◆ **WORK TO COMPLETE**
For this exercise, copy exactly every line from the one holding "Coming in at" through the end of the data, both included. Omit pictures.

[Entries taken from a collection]
##############################

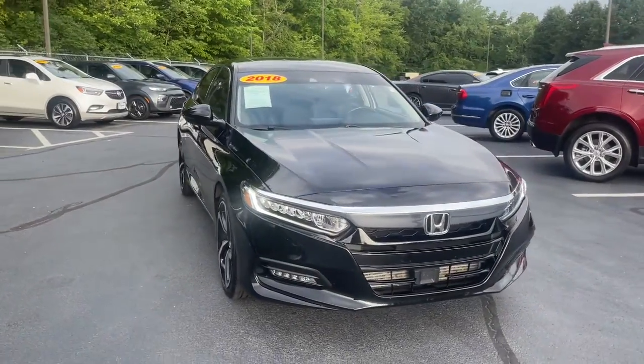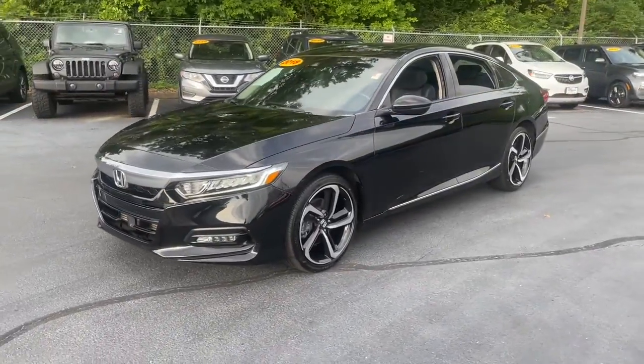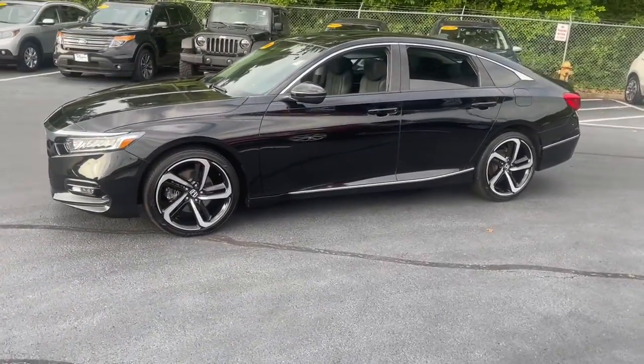Here is a wonderful 2018 Honda Accord. With less than 70,000 miles on the odometer, this vehicle provides excellent value.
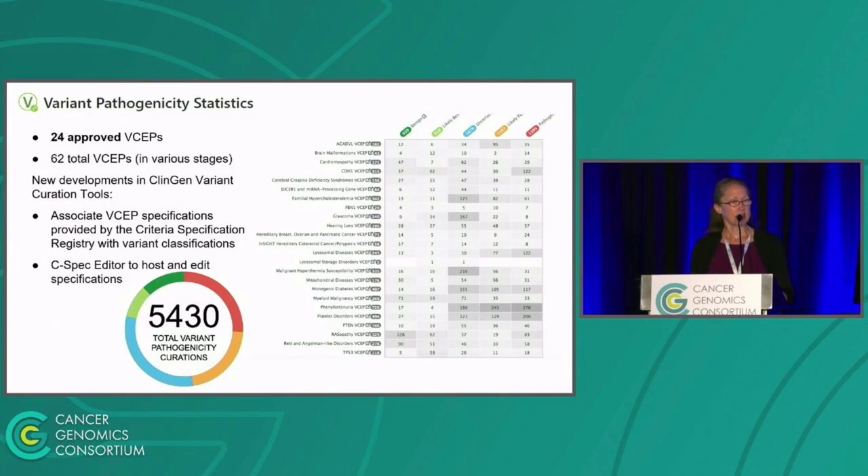Currently, and this is largely on the germline side, we have 24 approved variant curation expert panels — I'll call them VCEPs. We have about 62 that are in the process and along the stages of becoming variant curation expert panels. We have about 5,400 variants that are curated at this time, as well as all the specifications for the 24 VCEPs, which go out to the public and can be used to do variant curation by other groups.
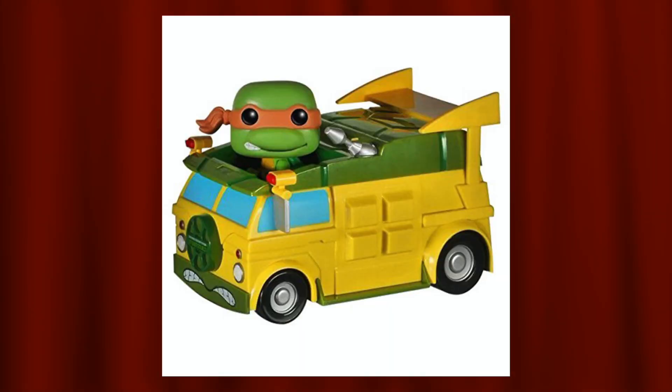Coming in at number four on my list — I didn't realize that this Pop isn't actually exclusive to anything. It wasn't from a con, it wasn't exclusive to a store, and that is the Pops Rides Turtle Van. This is awesome. It comes with Michelangelo, I believe, and I think that's a perfect choice for the Turtle Van. The Turtle Van itself looks really, really cool, and nowadays this would definitely be exclusive to somewhere, but back in the day it wasn't. This Pop is also pretty pricey, but it's not that bad — especially when you get a whole-sized Turtle Van. The colors on it look great, and the Pop of Mikey himself is also pretty good.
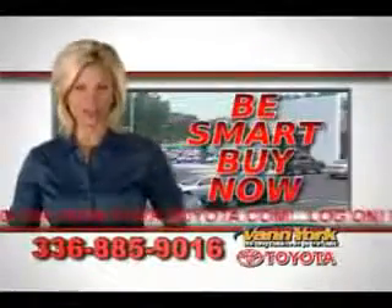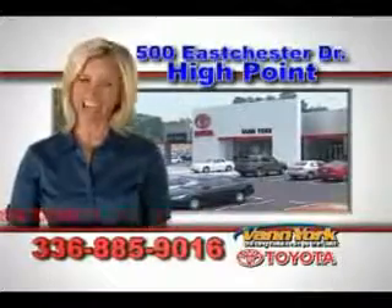See us at Van York Toyota today. Be smart and buy now at Van York Toyota. Van York — building relationships that last.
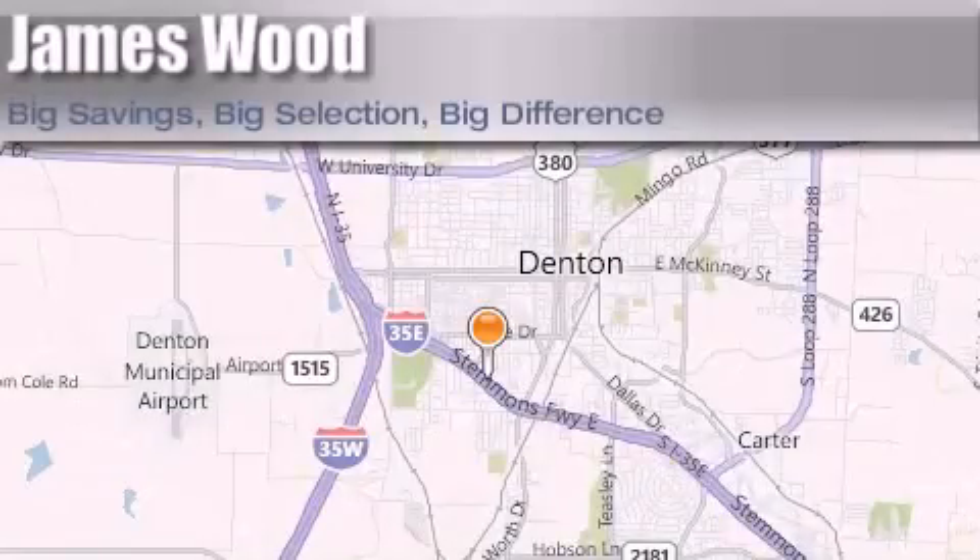James Wood Auto Park is located at 3906 Interstate 35E South in Denton. Our goal is to exceed all of your expectations to ensure that you'll return for future visits.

##############################

◆ **EXPECTED ANSWER**
Coming in at number four on my list — I didn't realize that this Pop isn't actually exclusive to anything. It wasn't from a con, it wasn't exclusive to a store, and that is the Pops Rides Turtle Van. This is awesome. It comes with Michelangelo, I believe, and I think that's a perfect choice for the Turtle Van. The Turtle Van itself looks really, really cool, and nowadays this would definitely be exclusive to somewhere, but back in the day it wasn't. This Pop is also pretty pricey, but it's not that bad — especially when you get a whole-sized Turtle Van. The colors on it look great, and the Pop of Mikey himself is also pretty good.
See us at Van York Toyota today. Be smart and buy now at Van York Toyota. Van York — building relationships that last.
James Wood Auto Park is located at 3906 Interstate 35E South in Denton. Our goal is to exceed all of your expectations to ensure that you'll return for future visits.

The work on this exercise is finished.